Still, symbolism in international relations counts for a lot. As is his custom, Karimov snubbed May 9 anniversary celebrations in Moscow commemorating the end of World War II. But in September, he paid a trip to Beijing to mark the same historical event.
“Uzbekistan doesn’t use the term Great Fatherland War (as in Russia). Instead they use World War II,” said Maxim Matnazarov, an Uzbek historian based in Moscow. “From an ideological viewpoint, the Chinese victory parade matches the position on the war adopted by Uzbekistan.”

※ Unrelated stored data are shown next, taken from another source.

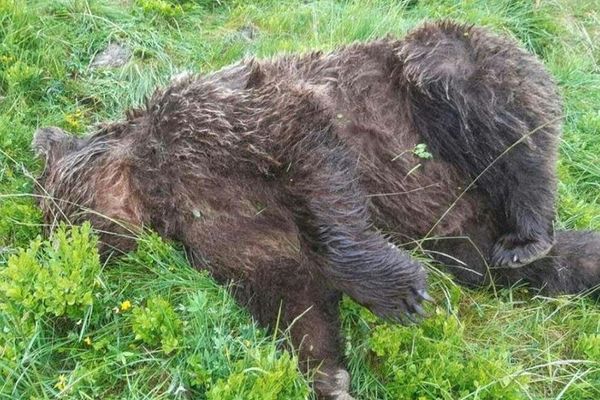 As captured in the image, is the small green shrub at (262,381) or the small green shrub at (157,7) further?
the small green shrub at (157,7)

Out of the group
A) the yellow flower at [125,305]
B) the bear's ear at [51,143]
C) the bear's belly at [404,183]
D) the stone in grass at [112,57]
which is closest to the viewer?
the yellow flower at [125,305]

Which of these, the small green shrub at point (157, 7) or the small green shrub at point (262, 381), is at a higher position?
the small green shrub at point (157, 7)

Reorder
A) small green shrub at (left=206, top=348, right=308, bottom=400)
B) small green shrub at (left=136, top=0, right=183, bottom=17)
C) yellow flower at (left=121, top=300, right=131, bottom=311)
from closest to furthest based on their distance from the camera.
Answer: small green shrub at (left=206, top=348, right=308, bottom=400), yellow flower at (left=121, top=300, right=131, bottom=311), small green shrub at (left=136, top=0, right=183, bottom=17)

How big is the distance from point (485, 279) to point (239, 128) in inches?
64.1

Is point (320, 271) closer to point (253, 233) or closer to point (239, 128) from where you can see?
point (253, 233)

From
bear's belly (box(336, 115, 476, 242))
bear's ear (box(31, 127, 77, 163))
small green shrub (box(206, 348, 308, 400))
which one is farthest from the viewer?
bear's ear (box(31, 127, 77, 163))

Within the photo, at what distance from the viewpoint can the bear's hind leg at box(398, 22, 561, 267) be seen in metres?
3.74

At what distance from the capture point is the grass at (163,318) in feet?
9.44

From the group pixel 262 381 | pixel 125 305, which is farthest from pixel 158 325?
pixel 262 381

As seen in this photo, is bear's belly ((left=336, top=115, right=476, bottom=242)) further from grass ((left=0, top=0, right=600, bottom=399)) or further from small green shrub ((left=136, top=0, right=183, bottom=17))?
small green shrub ((left=136, top=0, right=183, bottom=17))

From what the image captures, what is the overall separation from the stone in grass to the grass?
6 centimetres

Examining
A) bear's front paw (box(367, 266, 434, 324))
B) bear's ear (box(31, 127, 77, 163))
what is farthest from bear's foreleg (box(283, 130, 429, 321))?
bear's ear (box(31, 127, 77, 163))

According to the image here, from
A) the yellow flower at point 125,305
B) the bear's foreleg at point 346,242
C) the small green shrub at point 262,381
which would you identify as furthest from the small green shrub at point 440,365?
the yellow flower at point 125,305

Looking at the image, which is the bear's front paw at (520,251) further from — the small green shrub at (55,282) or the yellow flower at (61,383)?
the yellow flower at (61,383) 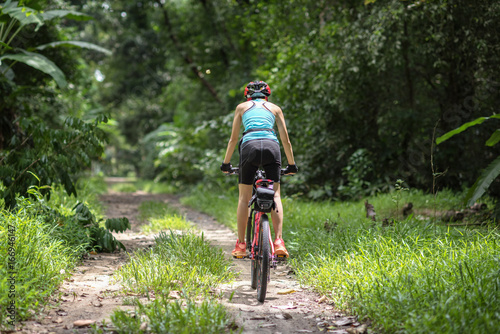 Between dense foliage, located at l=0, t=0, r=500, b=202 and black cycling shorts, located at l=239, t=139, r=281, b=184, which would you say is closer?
black cycling shorts, located at l=239, t=139, r=281, b=184

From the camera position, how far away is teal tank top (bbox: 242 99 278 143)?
4160mm

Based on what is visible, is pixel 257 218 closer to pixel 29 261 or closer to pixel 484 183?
pixel 29 261

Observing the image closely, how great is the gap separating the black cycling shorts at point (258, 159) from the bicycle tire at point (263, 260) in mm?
462

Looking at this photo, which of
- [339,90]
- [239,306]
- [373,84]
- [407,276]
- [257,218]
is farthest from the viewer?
[373,84]

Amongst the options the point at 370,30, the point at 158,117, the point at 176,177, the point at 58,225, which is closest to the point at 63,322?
the point at 58,225

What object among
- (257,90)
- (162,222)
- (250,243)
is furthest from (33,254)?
(162,222)

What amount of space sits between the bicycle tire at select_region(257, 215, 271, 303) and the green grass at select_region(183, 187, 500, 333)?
63 cm

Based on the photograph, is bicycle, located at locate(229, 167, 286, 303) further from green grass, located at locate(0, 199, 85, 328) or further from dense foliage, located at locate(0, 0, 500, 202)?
dense foliage, located at locate(0, 0, 500, 202)

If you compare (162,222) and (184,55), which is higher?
(184,55)

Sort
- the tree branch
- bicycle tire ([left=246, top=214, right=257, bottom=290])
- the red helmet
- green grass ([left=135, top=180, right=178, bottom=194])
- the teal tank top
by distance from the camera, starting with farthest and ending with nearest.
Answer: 1. green grass ([left=135, top=180, right=178, bottom=194])
2. the tree branch
3. the red helmet
4. bicycle tire ([left=246, top=214, right=257, bottom=290])
5. the teal tank top

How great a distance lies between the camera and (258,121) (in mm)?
4191

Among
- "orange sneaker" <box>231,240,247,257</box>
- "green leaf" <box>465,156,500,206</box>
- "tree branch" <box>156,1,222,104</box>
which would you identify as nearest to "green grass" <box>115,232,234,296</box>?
"orange sneaker" <box>231,240,247,257</box>

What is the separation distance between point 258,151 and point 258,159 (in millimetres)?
78

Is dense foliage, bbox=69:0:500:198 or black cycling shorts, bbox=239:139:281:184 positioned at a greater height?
dense foliage, bbox=69:0:500:198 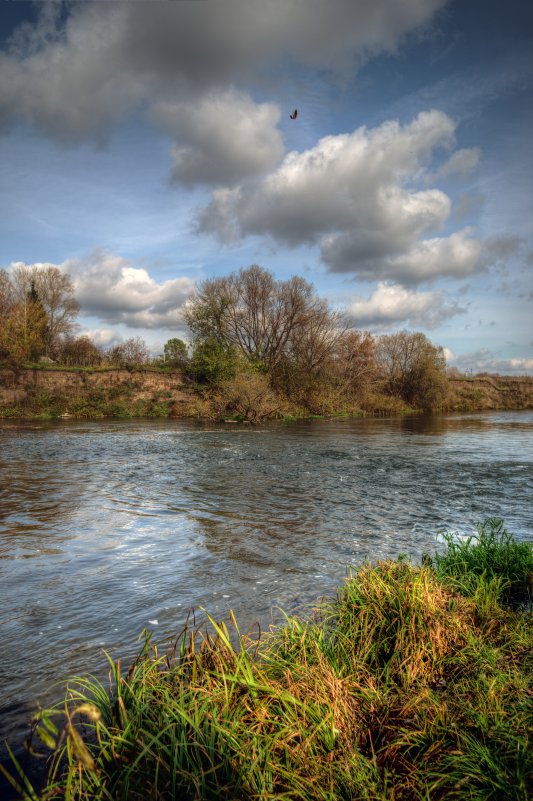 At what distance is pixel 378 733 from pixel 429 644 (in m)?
1.09

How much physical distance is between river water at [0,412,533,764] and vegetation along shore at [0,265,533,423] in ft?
67.2

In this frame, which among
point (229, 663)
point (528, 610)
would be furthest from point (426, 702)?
point (528, 610)

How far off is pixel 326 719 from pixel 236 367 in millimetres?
40316

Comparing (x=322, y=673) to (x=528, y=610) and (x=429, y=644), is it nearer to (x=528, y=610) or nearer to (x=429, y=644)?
(x=429, y=644)

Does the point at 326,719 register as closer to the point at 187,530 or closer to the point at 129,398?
the point at 187,530

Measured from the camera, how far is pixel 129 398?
45.4 m

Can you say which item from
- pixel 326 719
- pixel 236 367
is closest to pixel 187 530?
pixel 326 719

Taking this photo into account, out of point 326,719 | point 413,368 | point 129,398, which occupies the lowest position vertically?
point 326,719

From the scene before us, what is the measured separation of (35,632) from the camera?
4711 millimetres

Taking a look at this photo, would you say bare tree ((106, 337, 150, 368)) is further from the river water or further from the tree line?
the river water

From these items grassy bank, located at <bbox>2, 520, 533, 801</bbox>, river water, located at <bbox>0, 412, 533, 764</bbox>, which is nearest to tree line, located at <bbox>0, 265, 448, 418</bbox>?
river water, located at <bbox>0, 412, 533, 764</bbox>

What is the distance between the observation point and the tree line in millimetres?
45281

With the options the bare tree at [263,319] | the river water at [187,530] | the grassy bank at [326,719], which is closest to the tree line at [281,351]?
the bare tree at [263,319]

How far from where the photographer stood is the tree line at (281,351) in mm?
45281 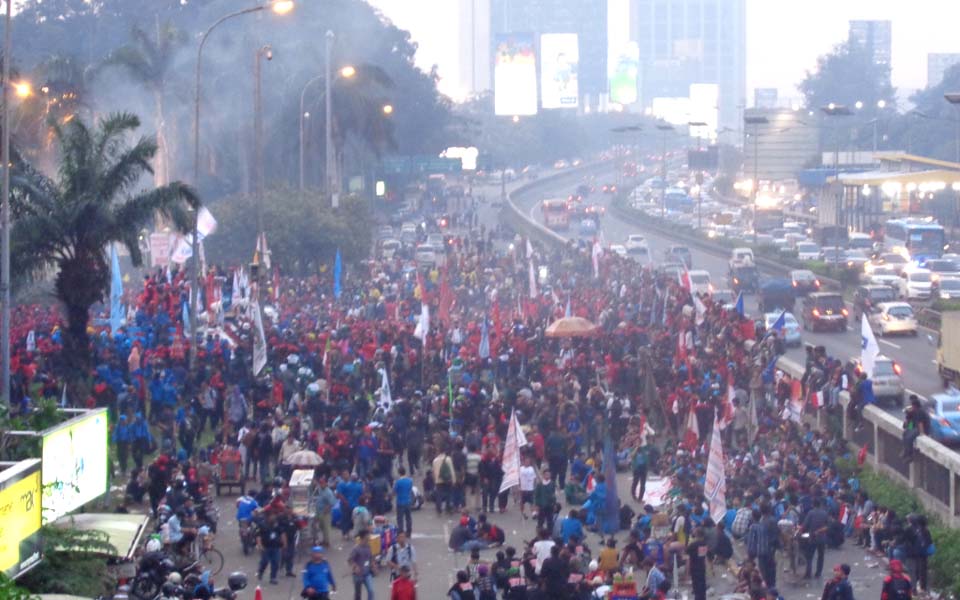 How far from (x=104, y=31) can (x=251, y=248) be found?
49154 mm

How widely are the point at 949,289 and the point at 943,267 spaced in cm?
563

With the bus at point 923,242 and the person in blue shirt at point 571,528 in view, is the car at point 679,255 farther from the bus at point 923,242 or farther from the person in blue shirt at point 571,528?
the person in blue shirt at point 571,528

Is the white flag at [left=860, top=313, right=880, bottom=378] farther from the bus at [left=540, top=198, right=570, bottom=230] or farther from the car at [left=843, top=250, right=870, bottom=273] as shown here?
the bus at [left=540, top=198, right=570, bottom=230]

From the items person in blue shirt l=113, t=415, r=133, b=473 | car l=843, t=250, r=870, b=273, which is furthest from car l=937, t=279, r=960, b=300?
person in blue shirt l=113, t=415, r=133, b=473

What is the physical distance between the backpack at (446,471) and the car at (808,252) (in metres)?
44.1

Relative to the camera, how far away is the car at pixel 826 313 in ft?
145

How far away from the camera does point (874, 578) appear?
63.9ft

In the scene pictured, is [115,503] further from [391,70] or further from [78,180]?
[391,70]

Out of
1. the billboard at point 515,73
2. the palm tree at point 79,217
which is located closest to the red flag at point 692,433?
the palm tree at point 79,217

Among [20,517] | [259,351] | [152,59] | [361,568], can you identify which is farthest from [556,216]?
[20,517]

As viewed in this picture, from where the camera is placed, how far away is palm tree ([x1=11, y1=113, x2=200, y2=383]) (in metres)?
27.7

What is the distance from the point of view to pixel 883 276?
52.5 m

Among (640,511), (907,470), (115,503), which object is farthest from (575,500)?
(115,503)

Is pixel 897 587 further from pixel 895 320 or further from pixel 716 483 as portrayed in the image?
pixel 895 320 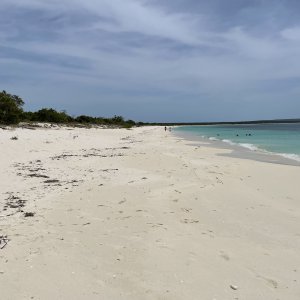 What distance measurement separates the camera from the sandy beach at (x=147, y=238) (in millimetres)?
4195

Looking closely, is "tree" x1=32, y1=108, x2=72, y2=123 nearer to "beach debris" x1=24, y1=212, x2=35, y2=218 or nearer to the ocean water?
the ocean water

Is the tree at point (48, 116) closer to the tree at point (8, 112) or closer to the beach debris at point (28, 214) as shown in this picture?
the tree at point (8, 112)

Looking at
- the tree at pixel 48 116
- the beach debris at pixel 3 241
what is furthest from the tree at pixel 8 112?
the beach debris at pixel 3 241

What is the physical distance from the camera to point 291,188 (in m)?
10.4

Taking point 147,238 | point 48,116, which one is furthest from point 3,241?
point 48,116

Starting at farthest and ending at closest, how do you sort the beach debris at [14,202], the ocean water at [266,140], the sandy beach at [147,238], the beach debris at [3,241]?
the ocean water at [266,140] → the beach debris at [14,202] → the beach debris at [3,241] → the sandy beach at [147,238]

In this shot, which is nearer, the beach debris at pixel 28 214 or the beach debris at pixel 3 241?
the beach debris at pixel 3 241

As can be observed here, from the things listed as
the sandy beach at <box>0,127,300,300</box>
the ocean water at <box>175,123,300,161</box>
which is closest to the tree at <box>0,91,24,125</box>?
the ocean water at <box>175,123,300,161</box>

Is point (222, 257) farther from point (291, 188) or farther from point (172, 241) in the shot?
point (291, 188)

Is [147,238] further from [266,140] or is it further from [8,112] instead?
[8,112]

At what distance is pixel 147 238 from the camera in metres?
5.73

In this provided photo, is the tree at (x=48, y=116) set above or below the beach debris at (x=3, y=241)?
above

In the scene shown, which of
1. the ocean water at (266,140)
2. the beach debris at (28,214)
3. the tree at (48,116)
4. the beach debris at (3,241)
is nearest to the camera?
the beach debris at (3,241)

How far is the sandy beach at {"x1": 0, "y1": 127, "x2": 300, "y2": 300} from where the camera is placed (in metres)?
4.20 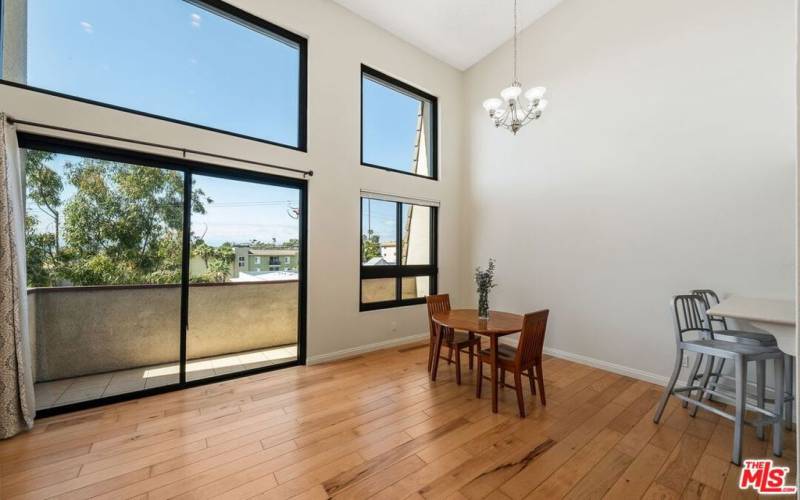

According to a translator at a company working on the Angren-Pap railroad, jobs created at their project have been equitably distributed, minimizing potential for disgruntlement among Uzbeks.
“Out of the 1,500 or so railroad workers, around half are Uzbek laborers and technicians. The government likes the Chinese because most of them are atheists, unlike the Turks who get involved in religious propaganda. The Chinese need nothing here but business,” the translator, whose name has been withheld, told EurasiaNet.org.
The government provides no transparent labor data, or even figures about how many Chinese laborers actually live and work in Uzbekistan, so it is anybody’s guess if that picture is the same across the board.
Even if China is doing much of the running and Russia is gradually losing what hold it has in Uzbekistan, Tashkent has made efforts to also draw in other big international partners.
One key event came on May 21 with the opening of Central Asia’s largest chemical processing plant at the site of the Surgil gas field in northwestern Uzbekistan. The $4 billion complex was developed jointly with South Korean companies and will be able to refine 4.5 billion cubic meters of natural gas annually.
Addressing South Korean Prime Minister Hwang Kyo-ahn, who attended the opening ceremony, Uzbek Prime Minister Shavkat Mirziyoyev stressed the importance of the project.
“The Surgil project is a new symbol in the development of the friendship between our two nations and a locomotive for economic cooperation,” Mirziyoyev said. “The Uzbek government will provide full support for all projects involving South Korean companies.”
Observers say Tashkent will need more of that to maintain balance among suitors.
“As long as Tashkent pursues it security policy of diversifying links, it will regard China, South Korea and other countries on the same level. For Uzbekistan, China is first and foremost money,” Matnazarov told EurasiaNet.org.